Constant kindness can accomplish much. As the sun makes the ice melt, kindness causes misunderstanding, mistrust, and hostility to evaporate. – Albert Schweitzer
There’s a guy who works at this place where I’m doing a consulting gig who seems particularly irked by my being there. He’s curt, ignores my emails, and seems to go out of his way to avoid talking to me. I’ve learned that many people have conflicts with him, so it’s not just me, but it’s clear we have a problem and I’m not sure how to approach dealing with it. I can’t let it go since his work responsibilities have a direct bearing on what I’m up to.
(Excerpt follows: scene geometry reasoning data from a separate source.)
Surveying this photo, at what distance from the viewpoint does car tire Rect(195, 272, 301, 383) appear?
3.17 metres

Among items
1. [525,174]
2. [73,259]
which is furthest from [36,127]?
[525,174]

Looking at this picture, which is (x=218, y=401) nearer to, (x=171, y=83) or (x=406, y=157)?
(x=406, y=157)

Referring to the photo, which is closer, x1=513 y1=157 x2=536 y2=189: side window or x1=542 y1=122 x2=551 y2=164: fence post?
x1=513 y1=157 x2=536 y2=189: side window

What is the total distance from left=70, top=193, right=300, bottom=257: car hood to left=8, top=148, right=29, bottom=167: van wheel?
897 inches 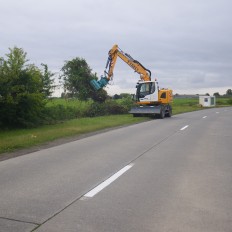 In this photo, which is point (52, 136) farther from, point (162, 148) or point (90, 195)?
point (90, 195)

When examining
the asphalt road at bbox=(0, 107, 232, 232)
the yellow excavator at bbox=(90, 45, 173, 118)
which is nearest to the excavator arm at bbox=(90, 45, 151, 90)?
the yellow excavator at bbox=(90, 45, 173, 118)

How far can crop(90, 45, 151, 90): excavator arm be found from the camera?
31859 mm

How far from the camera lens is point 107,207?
18.8 ft

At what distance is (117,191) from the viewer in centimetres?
671

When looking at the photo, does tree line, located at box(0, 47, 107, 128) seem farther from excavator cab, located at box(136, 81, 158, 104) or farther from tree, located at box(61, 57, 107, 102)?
tree, located at box(61, 57, 107, 102)

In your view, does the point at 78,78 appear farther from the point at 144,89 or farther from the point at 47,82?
the point at 47,82

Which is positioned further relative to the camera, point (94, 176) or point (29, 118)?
point (29, 118)

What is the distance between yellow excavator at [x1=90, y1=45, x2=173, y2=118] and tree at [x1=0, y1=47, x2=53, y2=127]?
1239cm

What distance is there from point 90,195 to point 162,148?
6.38m

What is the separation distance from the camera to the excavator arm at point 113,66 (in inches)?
1254

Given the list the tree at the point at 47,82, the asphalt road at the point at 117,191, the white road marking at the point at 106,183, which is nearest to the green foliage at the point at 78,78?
→ the tree at the point at 47,82

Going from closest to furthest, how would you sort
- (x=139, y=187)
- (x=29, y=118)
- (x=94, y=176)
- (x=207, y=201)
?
(x=207, y=201), (x=139, y=187), (x=94, y=176), (x=29, y=118)

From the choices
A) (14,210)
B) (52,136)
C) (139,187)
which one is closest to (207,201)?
(139,187)

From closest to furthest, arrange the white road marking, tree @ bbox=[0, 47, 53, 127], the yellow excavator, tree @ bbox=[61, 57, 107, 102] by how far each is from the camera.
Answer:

I don’t know what kind of kindness I could show him. Maybe just phoning him or stopping by his office and asking for some time to chat. It occurs to me now that I should first try to think a compassionate thought, much like the Joe to Go last weekend about the maniac driver. This guy actually wants about the same things that I want for the company and their customers. He seems to really care deeply about quality. He’s tried some things, it’s not worked, he probably feels bad about that, and has a hard time admitting it. I know what that’s like. I can surmise from some of his comments in a meeting that he likely feels unappreciated for his work and he seems to take that out on others, making it harder for them to show appreciation. I can understand that, too.
So I’ll just let these thoughts frame my attitude as I think about ways to approach him. I may fail, and it may be that no matter what I do, it won’t matter. Either way, there’s something to learn.